I need to show that
$$
\int_0^\infty \frac{\sin^4x}{x^4}dx = \frac{\pi}{3}
$$
I have already derived the result $\int_0^\infty \frac{\sin^2x}{x^2} = \frac{\pi}{2}$ using complex analysis, a result which I am supposed to start from. Using a change of variable $ x \mapsto 2x $ :
$$
\int_0^\infty \frac{\sin^2(2x)}{x^2}dx = \pi
$$
Now using the identity $\sin^2(2x) = 4\sin^2x – 4\sin^4x $, we obtain
$$
\int_0^\infty \frac{\sin^2x – \sin^4x}{x^2}dx = \frac{\pi}{4}
$$
$$
\frac{\pi}{2} – \int_0^\infty \frac{\sin^4x}{x^2}dx = \frac{\pi}{4}
$$
$$
\int_0^\infty \frac{\sin^4x}{x^2}dx = \frac{\pi}{4}
$$
But I am now at a loss as to how to make $x^4$ appear at the denominator. Any ideas appreciated.

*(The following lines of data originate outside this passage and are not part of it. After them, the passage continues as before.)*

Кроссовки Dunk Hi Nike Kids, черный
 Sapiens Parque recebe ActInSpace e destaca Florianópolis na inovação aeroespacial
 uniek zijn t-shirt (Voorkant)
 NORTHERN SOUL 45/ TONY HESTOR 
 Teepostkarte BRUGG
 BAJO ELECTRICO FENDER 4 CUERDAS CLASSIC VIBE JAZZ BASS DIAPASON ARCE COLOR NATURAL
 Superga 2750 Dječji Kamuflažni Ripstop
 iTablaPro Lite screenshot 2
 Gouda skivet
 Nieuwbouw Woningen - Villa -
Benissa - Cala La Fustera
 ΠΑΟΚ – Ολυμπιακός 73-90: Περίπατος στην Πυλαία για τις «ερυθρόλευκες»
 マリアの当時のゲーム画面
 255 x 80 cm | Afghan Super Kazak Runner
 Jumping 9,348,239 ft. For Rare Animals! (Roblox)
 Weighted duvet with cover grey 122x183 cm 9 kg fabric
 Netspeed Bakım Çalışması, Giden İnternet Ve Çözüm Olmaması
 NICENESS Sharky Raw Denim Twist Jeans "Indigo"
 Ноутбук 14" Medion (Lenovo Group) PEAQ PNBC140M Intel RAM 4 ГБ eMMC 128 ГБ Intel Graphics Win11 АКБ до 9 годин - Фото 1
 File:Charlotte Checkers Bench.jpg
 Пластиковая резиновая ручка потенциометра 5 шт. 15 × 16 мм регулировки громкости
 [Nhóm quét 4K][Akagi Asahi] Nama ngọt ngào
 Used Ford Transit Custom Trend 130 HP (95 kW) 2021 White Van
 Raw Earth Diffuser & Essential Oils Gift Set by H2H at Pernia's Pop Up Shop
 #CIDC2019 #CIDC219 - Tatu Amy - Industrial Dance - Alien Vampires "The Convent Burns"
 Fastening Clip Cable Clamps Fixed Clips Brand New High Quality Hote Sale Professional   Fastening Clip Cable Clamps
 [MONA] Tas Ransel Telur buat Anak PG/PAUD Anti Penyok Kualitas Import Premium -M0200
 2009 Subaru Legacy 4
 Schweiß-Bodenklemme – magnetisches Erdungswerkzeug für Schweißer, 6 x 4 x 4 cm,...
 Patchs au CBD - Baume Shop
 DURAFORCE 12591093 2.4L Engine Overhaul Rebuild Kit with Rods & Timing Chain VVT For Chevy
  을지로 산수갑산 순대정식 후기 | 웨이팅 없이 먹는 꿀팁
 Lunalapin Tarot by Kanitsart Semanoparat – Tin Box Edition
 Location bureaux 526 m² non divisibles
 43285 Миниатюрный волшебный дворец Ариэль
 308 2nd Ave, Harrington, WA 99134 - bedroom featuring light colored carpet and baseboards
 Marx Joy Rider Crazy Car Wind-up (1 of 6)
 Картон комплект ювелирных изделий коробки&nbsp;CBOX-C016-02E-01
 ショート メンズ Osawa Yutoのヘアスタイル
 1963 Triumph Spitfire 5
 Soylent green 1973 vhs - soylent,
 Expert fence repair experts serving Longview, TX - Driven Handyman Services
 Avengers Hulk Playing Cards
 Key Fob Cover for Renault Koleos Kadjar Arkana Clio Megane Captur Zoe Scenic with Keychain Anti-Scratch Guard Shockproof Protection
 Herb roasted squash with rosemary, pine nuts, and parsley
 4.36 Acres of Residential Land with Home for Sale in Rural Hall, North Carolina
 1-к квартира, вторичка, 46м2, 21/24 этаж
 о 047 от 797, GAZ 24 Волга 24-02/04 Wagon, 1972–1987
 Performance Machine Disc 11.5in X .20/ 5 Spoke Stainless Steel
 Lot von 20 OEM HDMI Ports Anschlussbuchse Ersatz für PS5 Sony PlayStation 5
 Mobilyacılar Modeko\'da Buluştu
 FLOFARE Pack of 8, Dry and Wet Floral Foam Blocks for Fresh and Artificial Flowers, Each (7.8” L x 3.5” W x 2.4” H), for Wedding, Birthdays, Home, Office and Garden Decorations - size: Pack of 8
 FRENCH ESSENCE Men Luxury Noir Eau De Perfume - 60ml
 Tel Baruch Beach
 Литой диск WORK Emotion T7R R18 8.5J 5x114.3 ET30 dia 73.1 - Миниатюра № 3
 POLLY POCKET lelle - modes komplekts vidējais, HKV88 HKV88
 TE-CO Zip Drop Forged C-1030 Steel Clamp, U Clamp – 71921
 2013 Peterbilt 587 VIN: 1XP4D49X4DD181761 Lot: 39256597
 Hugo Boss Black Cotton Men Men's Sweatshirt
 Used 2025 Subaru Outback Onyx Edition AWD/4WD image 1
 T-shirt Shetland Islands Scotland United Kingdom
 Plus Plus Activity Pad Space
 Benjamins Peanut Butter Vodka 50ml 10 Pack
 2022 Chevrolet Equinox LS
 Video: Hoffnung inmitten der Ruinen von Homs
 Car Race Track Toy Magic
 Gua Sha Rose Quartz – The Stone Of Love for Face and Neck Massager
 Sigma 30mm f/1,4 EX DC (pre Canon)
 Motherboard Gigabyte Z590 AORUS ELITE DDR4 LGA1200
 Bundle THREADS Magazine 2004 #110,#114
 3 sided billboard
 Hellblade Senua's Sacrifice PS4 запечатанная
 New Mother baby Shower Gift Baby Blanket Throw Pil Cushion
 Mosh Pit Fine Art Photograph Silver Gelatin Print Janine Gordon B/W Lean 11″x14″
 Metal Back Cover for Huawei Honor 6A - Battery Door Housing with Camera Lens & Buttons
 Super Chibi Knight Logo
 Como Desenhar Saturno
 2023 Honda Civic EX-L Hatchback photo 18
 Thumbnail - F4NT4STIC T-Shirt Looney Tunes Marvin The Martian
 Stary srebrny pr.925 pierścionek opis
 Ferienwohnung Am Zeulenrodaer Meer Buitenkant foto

Important: I must start from $ \int_0^\infty \frac{\sin^2x}{x^2}dx $, and use the change of variable and identity mentioned above
Best Answer
You are likely expected to integrate by parts (twice) $$ \begin{eqnarray} \int \frac{\sin^4(x)}{x^4} \mathrm{d}x &=& -\frac{1}{3} \frac{\sin^4(x)}{x^3} + \frac{4}{3} \int \frac{\cos(x) \sin^3(x) }{x^3} \mathrm{d} x \\ &=& -\frac{1}{3} \frac{\sin^4(x)}{x^3} -\frac{2 \cos(x) \sin^3(x)}{3 x^2} + \frac{2}{3} \int \frac{3 \cos^2(x) \sin^2(x) - \sin^4(x)}{x^2} \mathrm{d} x \\ &=& -\frac{1}{3} \frac{\sin^4(x)}{x^3} -\frac{2 \cos(x) \sin^3(x)}{3 x^2} + \frac{2}{3} \int \left(\frac{\sin^2(2x)}{x^2} - \frac{\sin^2(x)}{x^2} \right) \mathrm{d}x \end{eqnarray} $$ where the last equality used $$\begin{eqnarray} 3 \cos^2(x) \sin^2(x) - \sin^4(x) &=& 3 \cos^2(x) \sin^2(x) - \sin^2(x) (1-\cos^2(x)) \\ &=& \left(2 \sin(x) \cos(x) \right)^2 - \sin^2(x) = \sin^2(2x) - \sin^2(x) \end{eqnarray} $$ Now $$\begin{eqnarray} \int_0^\infty \frac{\sin^4(x)}{x^4} \mathrm{d}x &=& \frac{2}{3} \int_0^\infty \frac{\sin^2(2x)}{x^2} \mathrm{d} x - \frac{2}{3} \int_0^\infty \frac{\sin^2(x)}{x^2} \mathrm{d}x \\ &=& \frac{4}{3} \int_0^\infty \frac{\sin^2(y)}{y^2} \mathrm{d} y - \frac{2}{3} \int_0^\infty \frac{\sin^2(x)}{x^2} \mathrm{d}x \\ &=& \frac{2}{3} \int_0^\infty \frac{\sin^2(x)}{x^2} \mathrm{d}x = \frac{\pi}{3} \end{eqnarray} $$